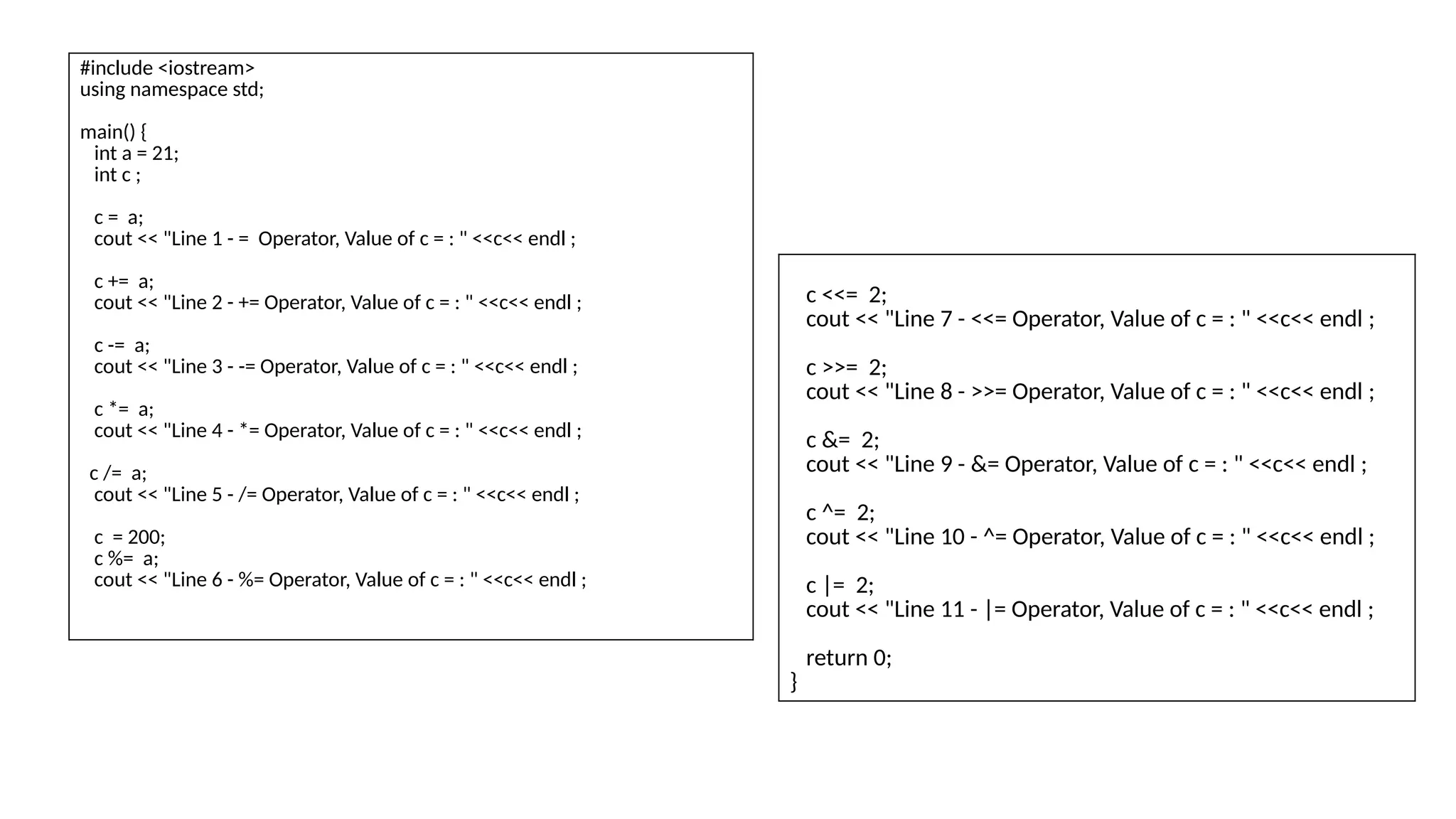 #include <iostream>
using namespace std;
main() {
int a = 21;
int c ;
c = a;
cout << "Line 1 - = Operator, Value of c = : " <<c<< endl ;
c += a;
cout << "Line 2 - += Operator, Value of c = : " <<c<< endl ;
c -= a;
cout << "Line 3 - -= Operator, Value of c = : " <<c<< endl ;
c *= a;
cout << "Line 4 - *= Operator, Value of c = : " <<c<< endl ;
c /= a;
cout << "Line 5 - /= Operator, Value of c = : " <<c<< endl ;
c = 200;
c %= a;
cout << "Line 6 - %= Operator, Value of c = : " <<c<< endl ;
c <<= 2;
cout << "Line 7 - <<= Operator, Value of c = : " <<c<< endl ;
c >>= 2;
cout << "Line 8 - >>= Operator, Value of c = : " <<c<< endl ;
c &= 2;
cout << "Line 9 - &= Operator, Value of c = : " <<c<< endl ;
c ^= 2;
cout << "Line 10 - ^= Operator, Value of c = : " <<c<< endl ;
c |= 2;
cout << "Line 11 - |= Operator, Value of c = : " <<c<< endl ;
return 0;
}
**********
## Task
In the answer, the data should reappear exactly, with no pictures.

## Solution for this task
 #include <iostream>
using namespace std;
main() {
int a = 21;
int c ;
c = a;
cout << "Line 1 - = Operator, Value of c = : " <<c<< endl ;
c += a;
cout << "Line 2 - += Operator, Value of c = : " <<c<< endl ;
c -= a;
cout << "Line 3 - -= Operator, Value of c = : " <<c<< endl ;
c *= a;
cout << "Line 4 - *= Operator, Value of c = : " <<c<< endl ;
c /= a;
cout << "Line 5 - /= Operator, Value of c = : " <<c<< endl ;
c = 200;
c %= a;
cout << "Line 6 - %= Operator, Value of c = : " <<c<< endl ;
c <<= 2;
cout << "Line 7 - <<= Operator, Value of c = : " <<c<< endl ;
c >>= 2;
cout << "Line 8 - >>= Operator, Value of c = : " <<c<< endl ;
c &= 2;
cout << "Line 9 - &= Operator, Value of c = : " <<c<< endl ;
c ^= 2;
cout << "Line 10 - ^= Operator, Value of c = : " <<c<< endl ;
c |= 2;
cout << "Line 11 - |= Operator, Value of c = : " <<c<< endl ;
return 0;
}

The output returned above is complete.